La primera sesión ordinaria del año de la Asamblea Legislativa Departamental de Potosí (ALD), en la que se debía aprobar tres proyectos de construcción, se convirtió en espacio de pulseta política porque asambleístas del Movimiento Al Socialismo (MAS) reflotaron su pedido de cesar de sus funciones al gobernador interino Marco Antonio Copa.
Al inicio de la sesión surgió el pedido de la asambleísta Karrie Puma Miranda (MAS) de que se modifique el orden del día incorporando el tema de la abrogación de la designación de Marco Copa como gobernador en suplencia temporal quien ejerce el cargo por el tiempo de impedimento del titular Jhonny Mamani.
El presidente de la Asamblea, Grover Yelma, aclaró que la resolución 142 establece que Copa deberá estar en el cargo por el tiempo de impedimento de Mamani y no llegó a la directiva ninguna nota de renuncia del titular, ni otro documento.
Además, señaló que no se puede abrogar una resolución, de acuerdo con el reglamento de la asamblea.
“Si ustedes quieren tratar este punto (anular la designación de Copa) hagan llegar un informe fundamentado”, afirmó.
Se puso a consideración la aprobación de la convocatoria, tal como estaba, sin incluir el punto relacionado a Copa.
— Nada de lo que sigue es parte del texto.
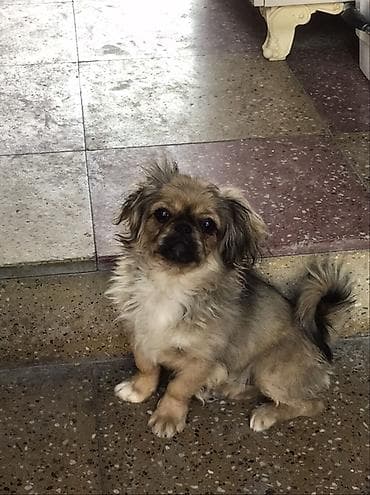 alabaý itleri: Pekines — 4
Hubo seis votos, por lo que no se aprobó la convocatoria y se cerró la sesión. Tras ese cierre, Yelma salió del salón de deliberaciones y dejó a la directiva sin quórum para dirigir la sesión. Estos hechos ocurrieron en medio de una serie de actos irregulares como el silenciamiento de los micrófonos de los asambleístas, la interrupción de la transmisión pública y hasta el corte de la energía eléctrica.
Los asambleístas que se quedaron, los elegidos en las listas del MAS, AS y la agrupación de Marco Pumari, decidieron continuar la sesión calificando la salida de dos miembros de la directiva como una fuga. La sesión fue instalada bajo la dirección del segundo vocal, Reinaldo Romana, y la secretaria Amalia Capusiri.